## WHAT THE EXERCISE ASKS
Restrict the output to the lines below starting at the one that contains "共青城墙体彩绘-网红墙" and ending at the one that contains "Temple Orange Flag, Flag", and restate them word for word, both ends included.

## INFORMATION PROVIDED
------------------------------------------------------------

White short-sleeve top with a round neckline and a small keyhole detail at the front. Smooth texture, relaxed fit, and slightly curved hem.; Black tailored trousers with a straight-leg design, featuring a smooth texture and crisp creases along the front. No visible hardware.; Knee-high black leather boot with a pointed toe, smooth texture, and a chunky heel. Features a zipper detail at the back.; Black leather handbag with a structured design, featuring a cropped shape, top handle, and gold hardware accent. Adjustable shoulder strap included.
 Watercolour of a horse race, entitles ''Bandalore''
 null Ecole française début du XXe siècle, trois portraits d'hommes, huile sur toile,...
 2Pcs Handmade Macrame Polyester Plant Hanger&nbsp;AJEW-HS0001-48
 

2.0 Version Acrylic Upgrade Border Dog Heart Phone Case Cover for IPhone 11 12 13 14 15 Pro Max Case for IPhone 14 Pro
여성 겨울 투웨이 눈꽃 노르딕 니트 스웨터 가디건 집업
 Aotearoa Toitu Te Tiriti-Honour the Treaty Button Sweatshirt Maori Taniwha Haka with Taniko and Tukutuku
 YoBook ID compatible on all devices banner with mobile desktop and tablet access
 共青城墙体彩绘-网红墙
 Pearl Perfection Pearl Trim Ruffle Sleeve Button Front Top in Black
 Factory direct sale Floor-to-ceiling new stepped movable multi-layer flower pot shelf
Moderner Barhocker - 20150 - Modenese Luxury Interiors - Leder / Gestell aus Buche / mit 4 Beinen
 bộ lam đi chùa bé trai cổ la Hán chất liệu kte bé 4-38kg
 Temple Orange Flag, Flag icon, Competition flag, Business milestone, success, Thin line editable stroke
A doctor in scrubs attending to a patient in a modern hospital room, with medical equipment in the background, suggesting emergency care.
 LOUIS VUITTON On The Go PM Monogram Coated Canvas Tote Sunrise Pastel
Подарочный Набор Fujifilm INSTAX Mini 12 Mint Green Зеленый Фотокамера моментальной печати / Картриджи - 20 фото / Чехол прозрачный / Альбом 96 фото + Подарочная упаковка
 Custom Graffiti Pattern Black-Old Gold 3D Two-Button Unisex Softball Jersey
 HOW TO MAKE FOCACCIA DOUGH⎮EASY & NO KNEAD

------------------------------------------------------------

## YOUR RESPONSE
 共青城墙体彩绘-网红墙
 Pearl Perfection Pearl Trim Ruffle Sleeve Button Front Top in Black
 Factory direct sale Floor-to-ceiling new stepped movable multi-layer flower pot shelf
Moderner Barhocker - 20150 - Modenese Luxury Interiors - Leder / Gestell aus Buche / mit 4 Beinen
 bộ lam đi chùa bé trai cổ la Hán chất liệu kte bé 4-38kg
 Temple Orange Flag, Flag icon, Competition flag, Business milestone, success, Thin line editable stroke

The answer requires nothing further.